──────── Data section ────────

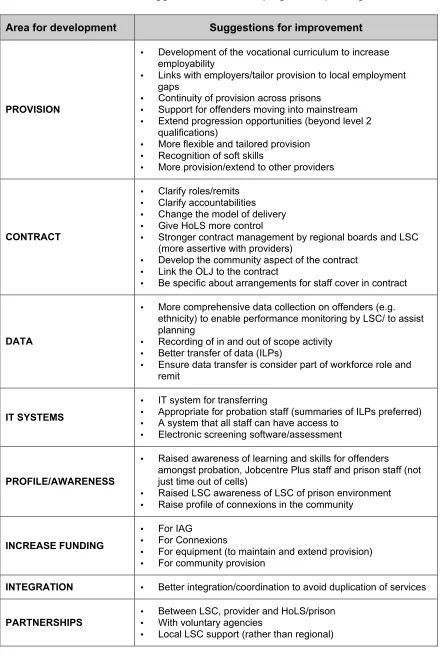 Table 9.1Interviewees suggestions for developing and improving OLASS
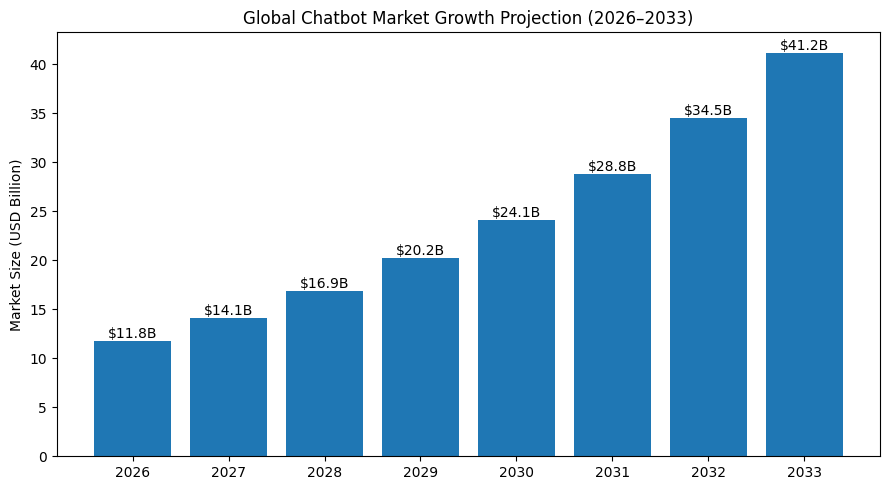 global chatbot market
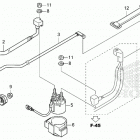 TRX420TE1 A Аккумулятор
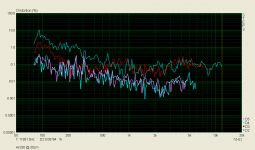 Air320 Sony Amp USB-DAC Low.PNG
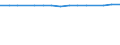 Maßeinheit: Anzahl / Geschlecht: Insgesamt / Altersklasse: Insgesamt / Internationale Standardklassifikation des Bildungswesens (ISCED 2011): Sekundarbereich II und postsekundarer, nicht tertiärer Bereich (Stufen 3 und 4) / Geopolitische Meldeeinheit: Slowenien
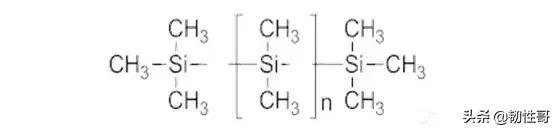 二甲基硅油执行标准,二甲基硅油是什么油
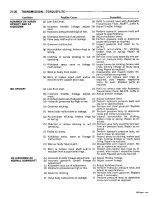 Preview for 425 page of Dodge Monaco 1967 Service Manual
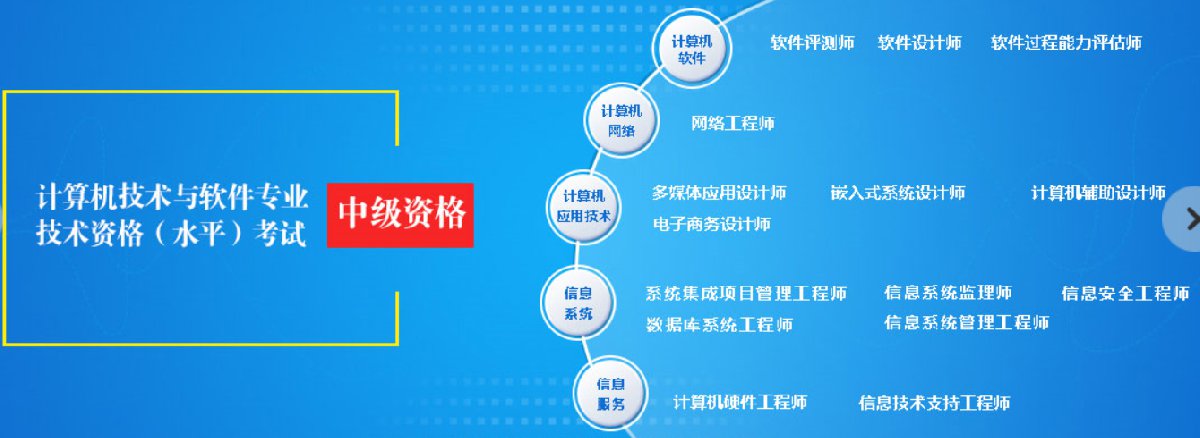 江蘇軟考職稱體系全解析 初級、中級、高級對應資格與南京本地計算機系統集成服務指南
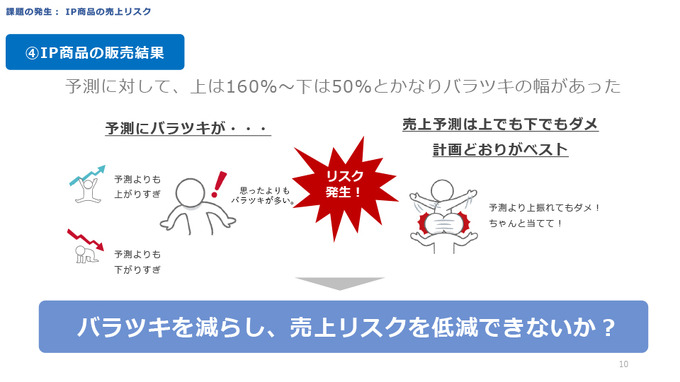 IPに依存する売上予測に悩める方へ―ソシャゲの売上リスクを減らすためのIP商品力を定量化する驚きのメソッド【CEDEC2021】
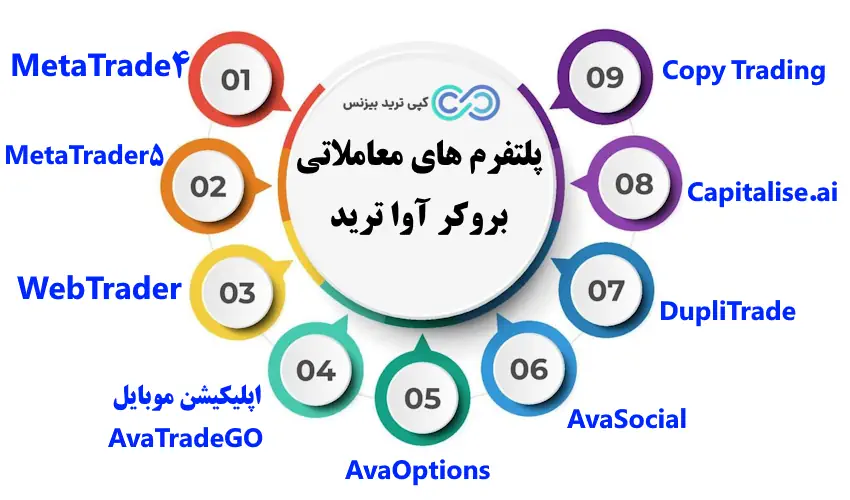 بروکر آوا ترید - بروکر avatrade - بررسی بروکر avatrade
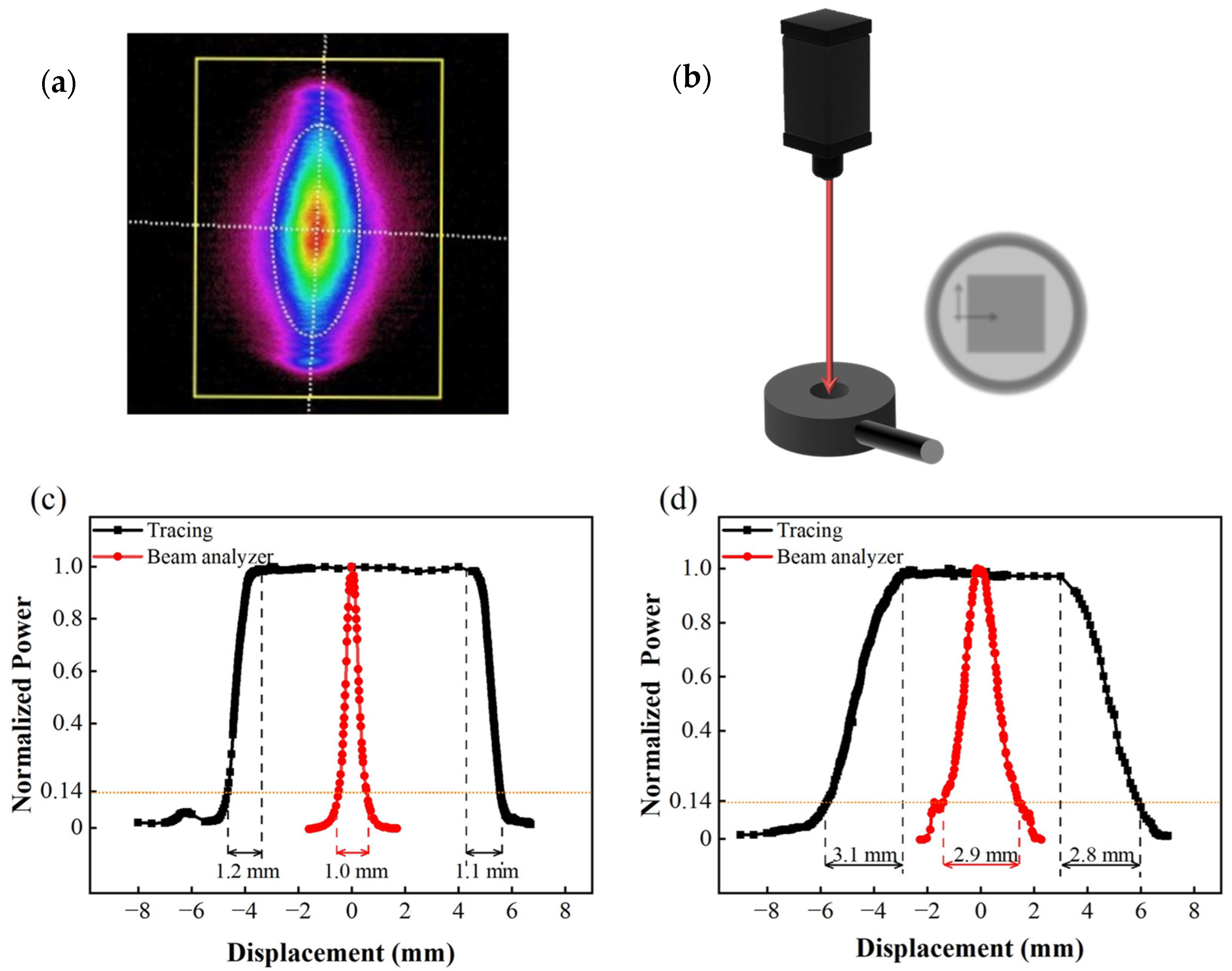 Vacuum Based Gas Sensing Material Characterization System Vacuum Based Gas Sensing Material Characterization System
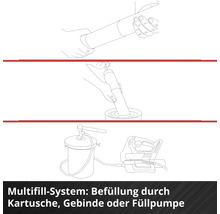 Grafik zeigt das Multifill System mit verschiedenen Befüllungsmöglichkeiten durch Kartusche, Gebinde oder Füllpumpe.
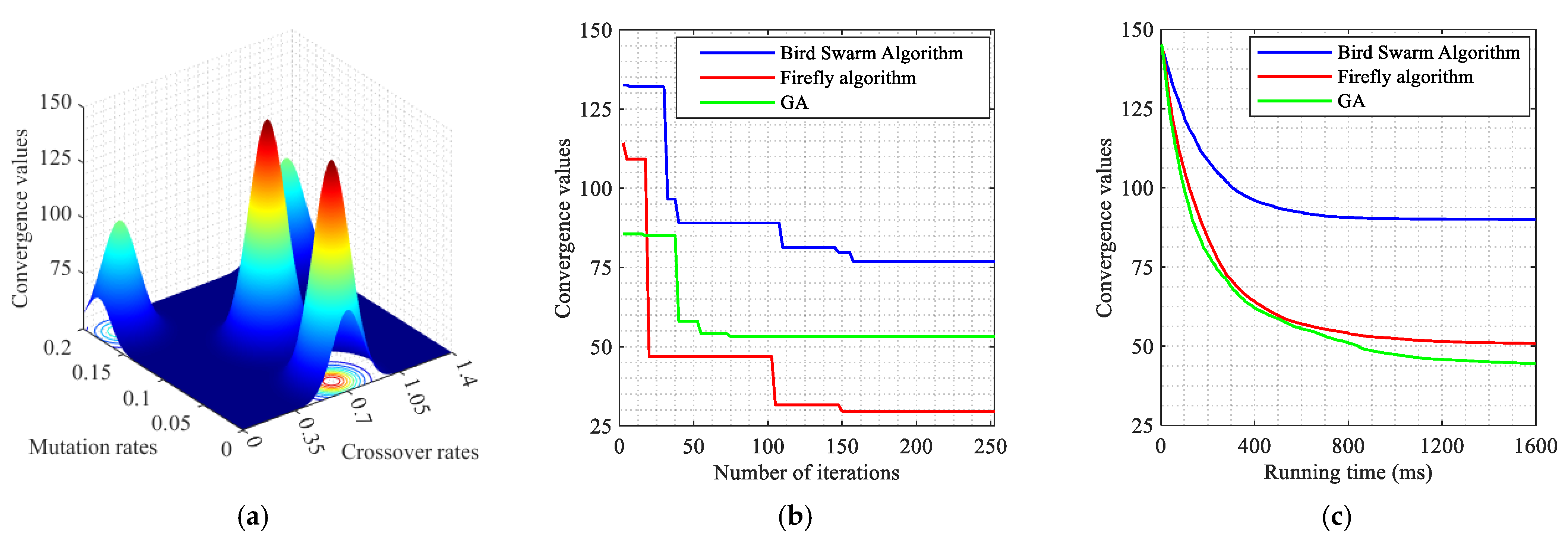 Sensors 25 02114 g022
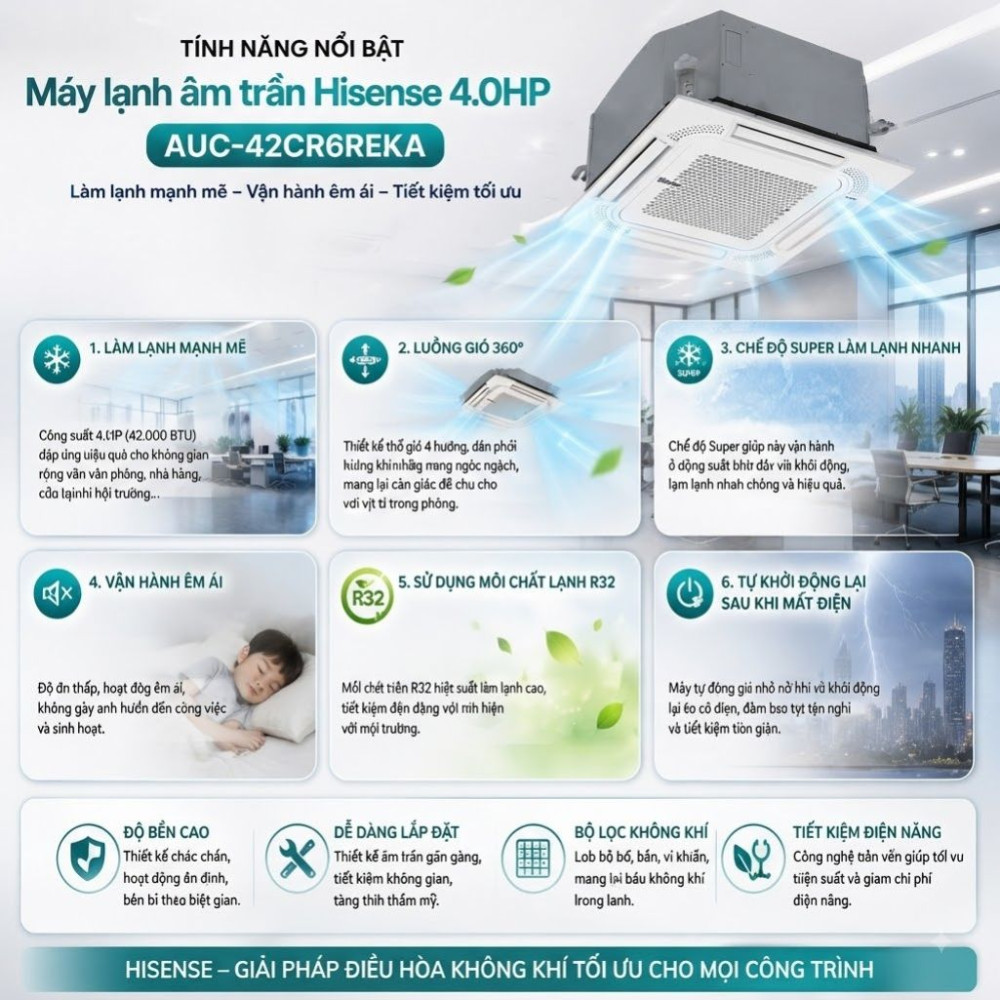 Máy lạnh âm trần Hisense 4.0hp AUC-42CR6REKA - Hàng chính hãng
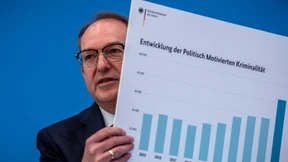 Rechtsextreme Teenager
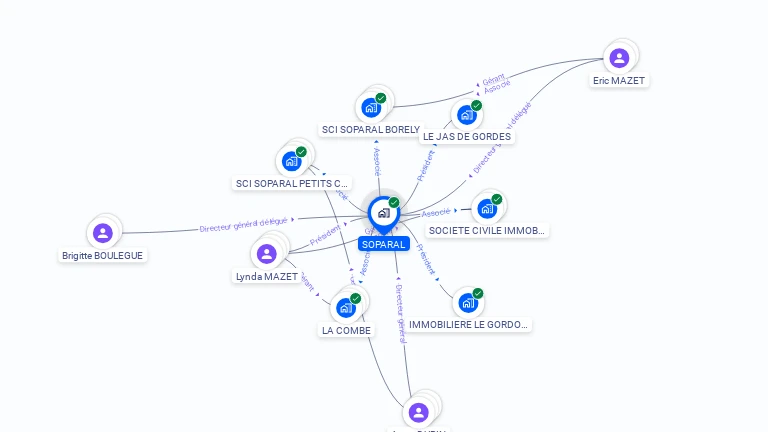 Cartographie gratuite de SOPARAL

────────

Exercise brief:
Word for word, restate the lines from the line containing "global chatbot market" through the end of the data, including the first and last of them. Pictures stay out.

The answer:
 global chatbot market
 TRX420TE1 A Аккумулятор
 Air320 Sony Amp USB-DAC Low.PNG
 Maßeinheit: Anzahl / Geschlecht: Insgesamt / Altersklasse: Insgesamt / Internationale Standardklassifikation des Bildungswesens (ISCED 2011): Sekundarbereich II und postsekundarer, nicht tertiärer Bereich (Stufen 3 und 4) / Geopolitische Meldeeinheit: Slowenien
 二甲基硅油执行标准,二甲基硅油是什么油
 Preview for 425 page of Dodge Monaco 1967 Service Manual
 江蘇軟考職稱體系全解析 初級、中級、高級對應資格與南京本地計算機系統集成服務指南
 IPに依存する売上予測に悩める方へ―ソシャゲの売上リスクを減らすためのIP商品力を定量化する驚きのメソッド【CEDEC2021】
 بروکر آوا ترید - بروکر avatrade - بررسی بروکر avatrade
 Vacuum Based Gas Sensing Material Characterization System Vacuum Based Gas Sensing Material Characterization System
 Grafik zeigt das Multifill System mit verschiedenen Befüllungsmöglichkeiten durch Kartusche, Gebinde oder Füllpumpe.
 Sensors 25 02114 g022
 Máy lạnh âm trần Hisense 4.0hp AUC-42CR6REKA - Hàng chính hãng
 Rechtsextreme Teenager
 Cartographie gratuite de SOPARAL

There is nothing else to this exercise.